On January 11, the Sil published an editorial by Scott Hastie, arguing – rightly – that I have work to do, to strengthen my bond with the student community.

The editorial makes several good points.  However, it also makes some points that I take issue with.

Hastie refers to my work to protect Westdale Cinema.  I am advocating for Heritage protection for this beautiful, old building (now for sale).  I have asked Mac to consider partnering for use of Westdale Cinema as a lecture hall, or for other purposes  — e.g. art space, meeting space.

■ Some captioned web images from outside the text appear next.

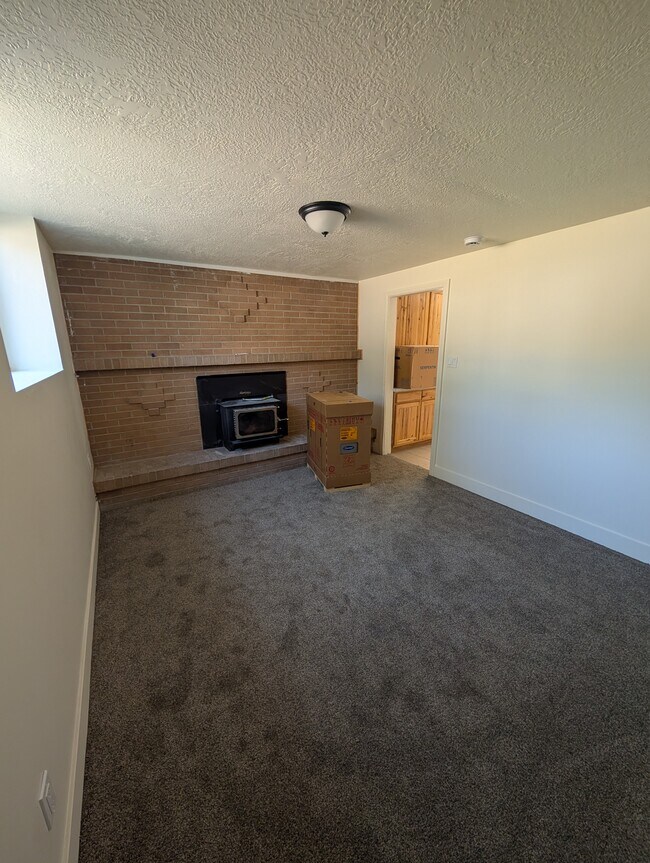 Building Photo - 353 N 100 E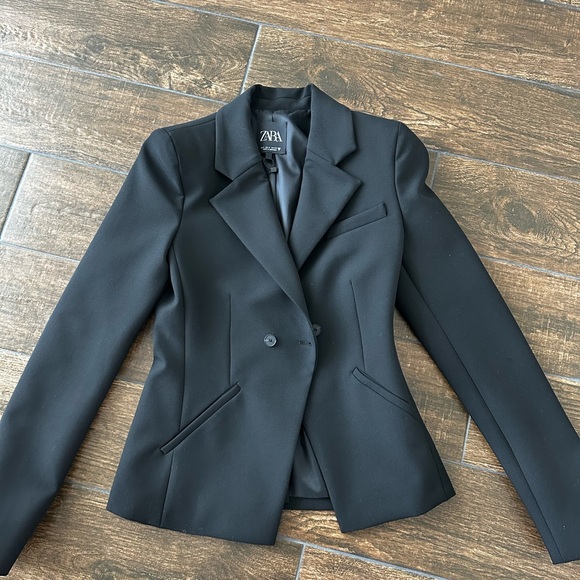 Zara Black Blazer - Picture 5 of 6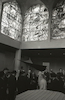 חתונה בבית הכנסת "הדסה" בירושלים, בו מוצגים הויטראז'ים של מארק שאגאל – הספרייה הלאומית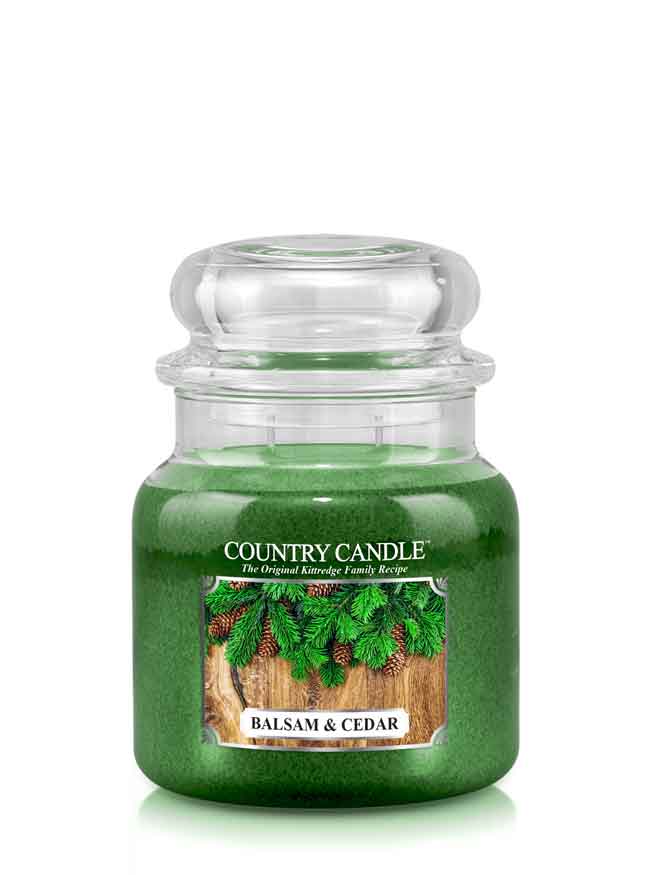 Country Candle Balsam & Cedar vonná sviečka stredná 2-knôtová (453 g)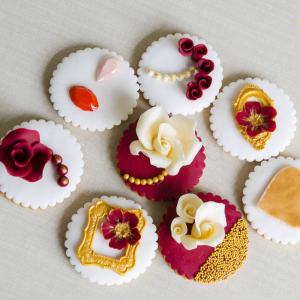 Biscuit personalizati alb-bordo Biscuit personalizati alb-bordo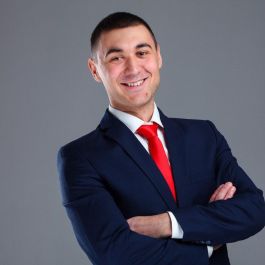 Александр Староста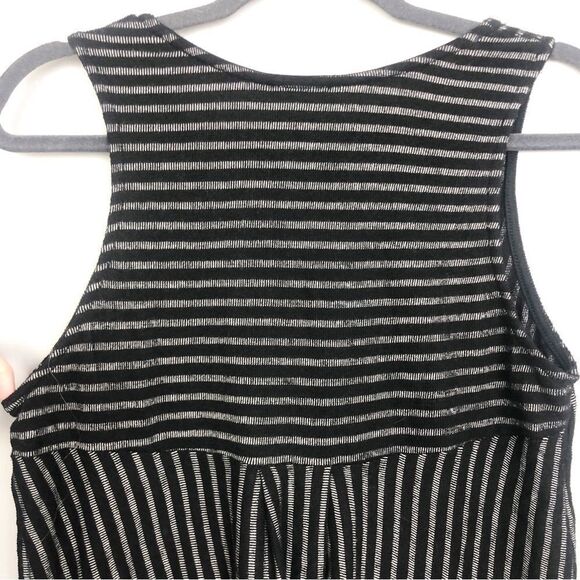 W5 | Vertical Stripe Tank Top Black Sleeveless Swing Women’s Size Large - Picture 6 of 8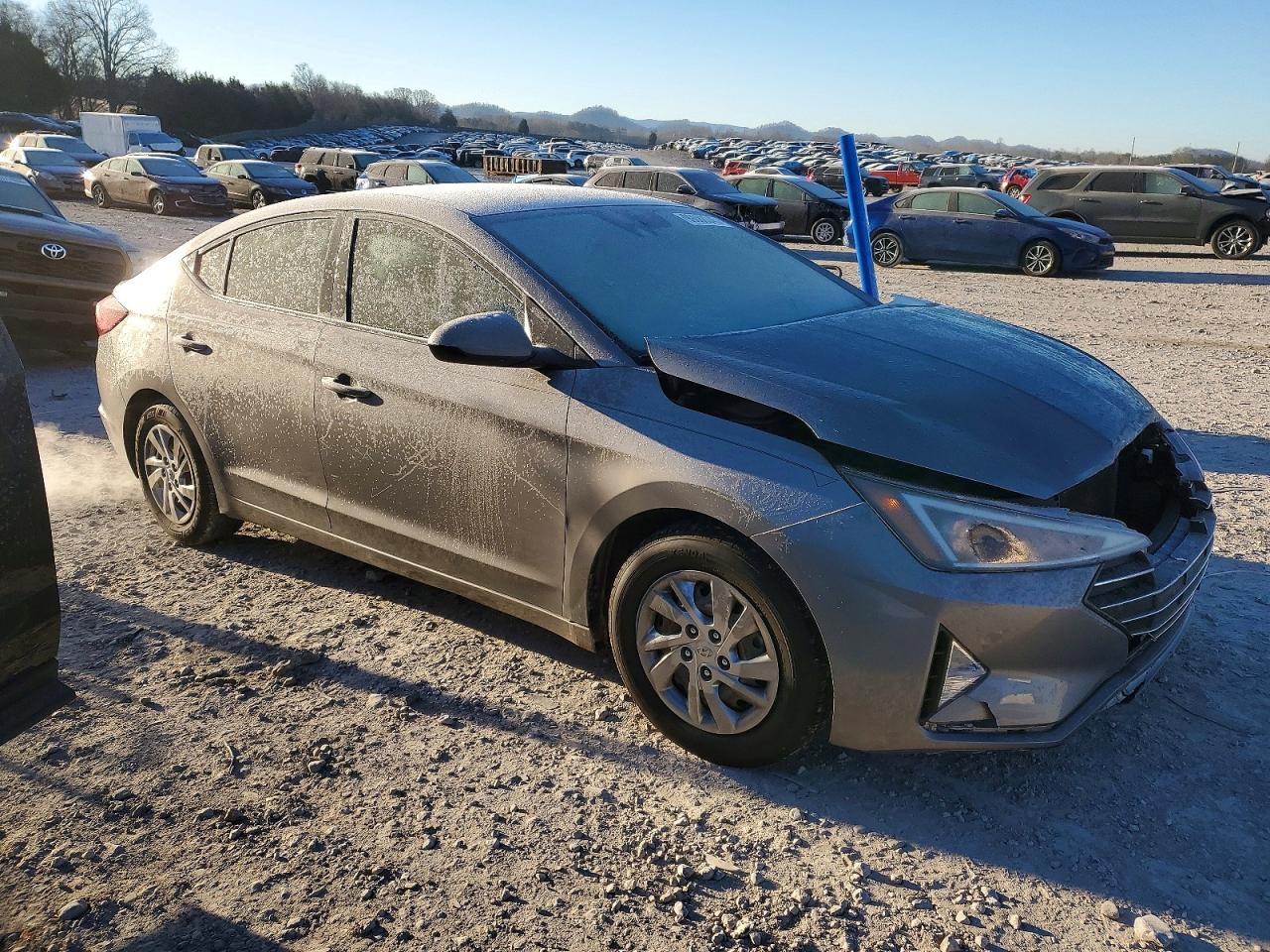 2020 HYUNDAI ELANTRA SE photo 4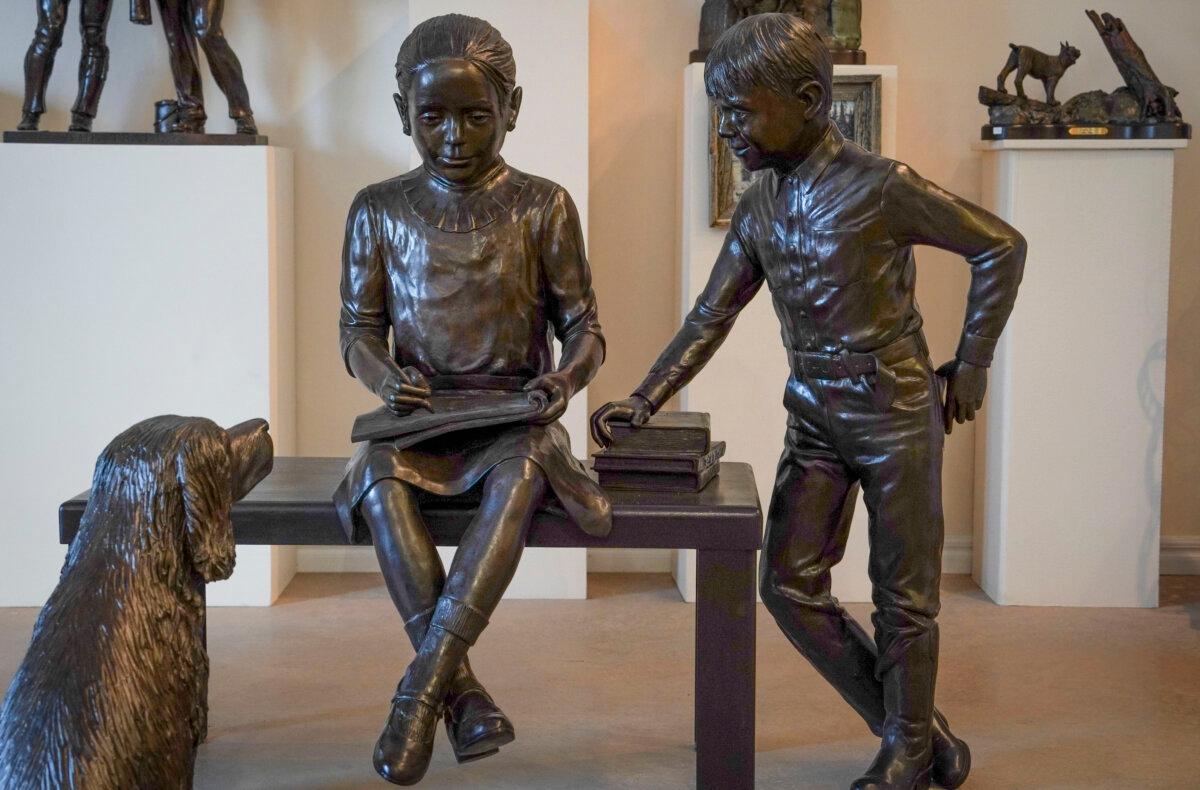 A bronze sculpture depicting two children reading is seen at Studio West Bronze Foundry & Art Gallery in Cochrane, Alta. (Carolina Avendano/The Epoch Times)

The editorial calls my suggestion that the Cinema be used as lecture hall “an insult to students”.  Hastie’s point is that it’d be hard to get from class at the cinema to a class on campus immediately after.  This is fair.

However, trying to involve Mac in saving the cinema is not “an insult”, to anybody.  The fact that many students enjoy Westdale Cinema is one of the reasons I’m advocating to save it.

Hastie refers to a recent motion passed by Hamilton Council to hire two co-op students as bylaw officers for our Mac neighbourhoods.  Hastie asserts that this decision “deepened the divide between McMaster students and residents”.

But it is not clear how additional enforcement will harm students. Bylaw enforcement targets landlords.  It does not target student tenants. Indeed, I would argue that better bylaw enforcement helps students, as it will create a safer and more hygienic neighbourhood.  It will hold landlords to better account.

On January 12, the Sil published an editorial by Scott Hastie, arguing – rightly – that I have work to do, to strengthen my bond with the student community.

Hastie refers to Council “dragging its heels” on landlord regulation.  This criticism is justified.  In my two years as councillor, I have advocated constantly for landlord licencing.  I am hopeful that we can make real progress on this soon.

Hastie calls for students to become more politically engaged.  I strongly agree with this.  Students are already significant leaders.  Hastie himself is a good example.  It makes sense for all students to become more involved in politics.

Hastie’s editorial offers me a good challenge: “reevaluate the way you consult students”.  I am grateful for this invitation.  I visit campus often.  I meet with students regularly, and have student interns in our Ward 1 office every year.  But I appreciate the need to consult even more.

I am looking forward to further deepening my working relationship both with the whole student community.